A worrying number of Australian women are heading to Iraq and Syria to become so-called Islamic State group "jihadi brides," Australian Foreign Minister Julie Bishop said February 26, warning against notions of a "romantic adventure."
At least 110 Australians have left to fight alongside militants in the Middle East and security officials said between 30 and 40 women were among them or were actively supporting the group in Australia.
"Sadly we are seeing a younger cohort seeking to join the conflict in Syria and Iraq and an increasing number of young females," Ms Bishop said, responding to the high-profile case this week of three British teenage girls heading to Syria.
"This defies logic. Family and friends need to reach out to young people at risk before it's too late."
She cited the case of 22-year-old Ms Amira Karroum who left her Sydney home just before Christmas and died in fighting in Syria.
"Her death was not martyrdom, it was a tragic senseless loss," said Ms Bishop.
She added that many women heading to conflict zones were either attracted to male foreign terrorist fighters, were accompanying their partner, or actually looking for a husband and being told online they could find one in Syria and Iraq.
Ms Bishop warned they faced a brutal regime that treated women appallingly.
"This is a terrorist organisation that has an appalling track record when it comes to women," she told ABC radio.
"They actually have online instructions on how to treat a sex slave. They encourage sexual assault on children who haven't even reached puberty.
"So their attitude towards women is utterly appalling and so young women shouldn't be led to believe that there's some romantic adventure attached to supporting Daesh [Islamic State] and similar terrorist organisations."
An estimated 550 women from across Europe have also travelled to join the jihadists and Ms Bishop said Australia was working with Muslim communities to highlight the risks.

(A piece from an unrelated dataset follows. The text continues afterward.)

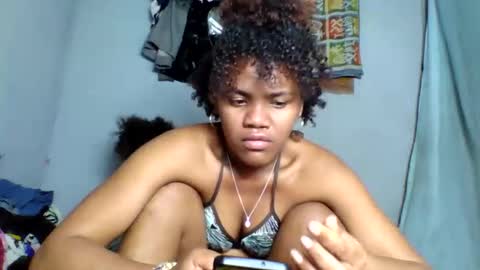 Snapshot of rosia22 chatting on 21, 9, 2025 rosia22 online show from 21, 9, 2025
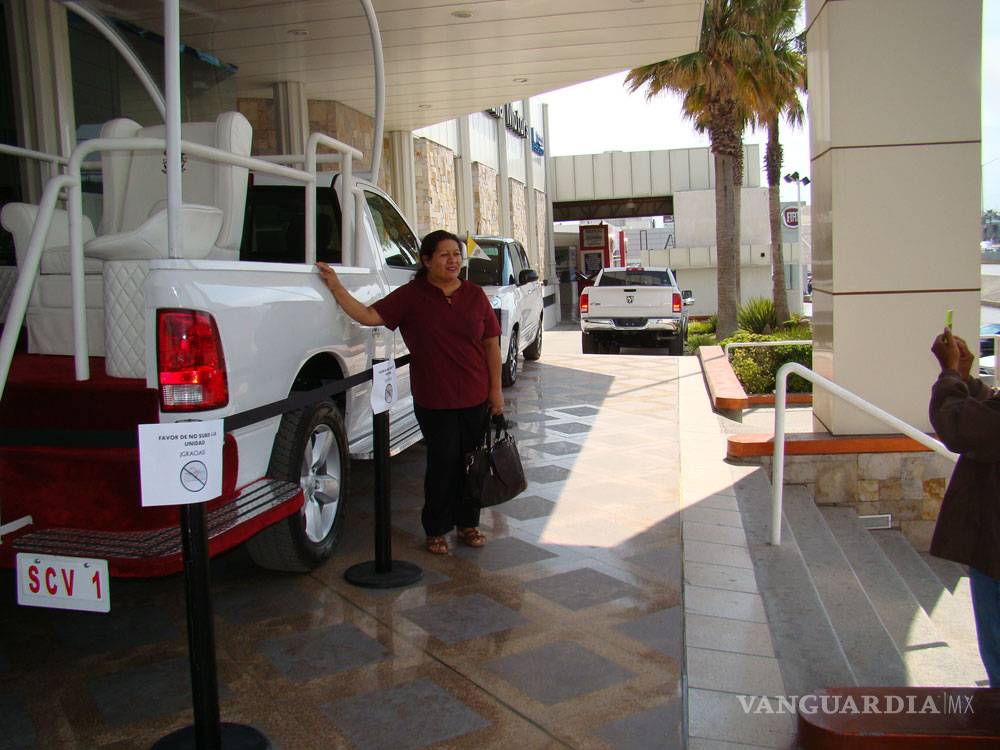 $!Exhiben en Saltillo Papamóvil que usó el Papa Francisco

"We have a number of community initiatives and programmes, working with local communities, working with schools, working with families," she said.
"Our initiative in tackling the spread of online extremist content on websites is also part of that, working with local mosques, working with community groups."
Her comments came as an Australian man who travelled to Syria to battle militants was reportedly killed - the first Westerner known to die fighting alongside the Kurds.
"An Australian man was killed in an assault on Tuesday by the Islamic State against a position of the Kurdish People's Protection Units near Tal Hamis in Hasakeh province," said Syrian Observatory for Human Rights director Rami Abdel Rahman.
Australia's foreign affairs department said it was aware of the reports but its "capacity to confirm reports of deaths in either Syria or Iraq is extremely limited."
"Australians who become involved in overseas conflicts are putting their own lives in mortal danger," it added.